I’m hunting for a sloth. And I always get my sloth.
“You know you look kinda like a cowboy?”
“Huh?” I ask, my boots forcing me to swagger a little, not to mention the fact that my pants are wet from rain and starting to cling uncomfortably.
My volunteer assistant nods at my getup. She’s trying to keep a straight face. “Huge boots. Long coat. The hat. I used to watch a lot of old American Westerns. Howdy pardner.”
“I…what? I wear this for rain. Which it usually is. And also snakes.”
“Or maybe a detective. Like from those–what are those films called? Noire? You even carry a flask under your arm.”
“It’s cappuccino, and that just makes it easier to access. Please watch where you’re going.”
But she’s not listening. “It’s like we’re out to catch a criminal on the run. What’d this sloth do? Climb the wrong tree? Eat the wrong leaf? He just couldn’t escape his past.”
6:08am. The memory of yesterday morning fades, like all pleasant memories do. The dame was filling a silence that didn’t need to be filled. Today, the forest fills that on its own. The shrill cries of insects and birds pierce my ears as I stride towards the trees, through a neglected field of tall grass and deep mud. The ground sucks and gasps at my feet.
Then I hear it: a slight beeping, coming from the receiver. I tweak the gain nob and home in on its direction. Dead ahead. Slightly uphill. I allow myself a shallow smile. Just as I expected.
I’m on the trail of a sloth. And I always get my sloth.
“Why are we doing this, again?”
“We need data on sloths post release to evaluate our rehabilitation strategy–” I begin, then stop and backpedal since I’ve just walked face-first into a massive spiderweb that for some reason tastes like peanut butter.
“And that’s really worth all this equipment? And, like, getting up in the morning? And dressing like Clint Eastwood?”

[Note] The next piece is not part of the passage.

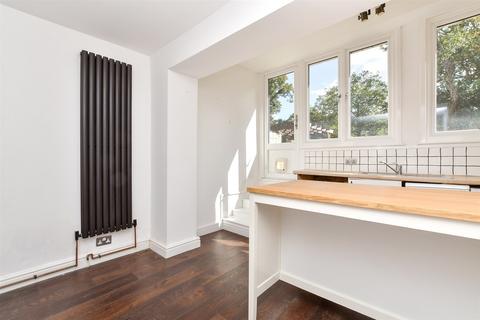 Clyde Road, Croydon, Surrey 1 bed ground floor flat for sale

I’m too busy extracting spider silk from my hair to roll my eyes. “Consistent observations are the only way get any baseline data. No one’s really studied this before. Not definitively.”
The volunteer moved closer. “Pardner, you got a spider on your forehead.”
6:32am. She didn’t stick around. Dames never do. But it’s better this way. There are some things you have do yourself. Man to sloth.
The beeping gets louder. I try to rotate the antenna around to get a bearing, but it gets tangled in vines. Ten o’clock. There’s hardly any space to move. The forest doesn’t allow the thought of freedom. It’s merciless that way.
But I’m close. So very close. The beeping’s reached a fever pitch, and I’m getting ghost signals. With a growl, I push through one last tangle of vines and into a small clearing.
And there he is. About 8 meters up a tree, curled in the fork of a branch. My quarry.
“Hello, Jorge. Long time no see.”
“So that’s him? You’re sure that’s not just a stuffed animal you put up there to save face?”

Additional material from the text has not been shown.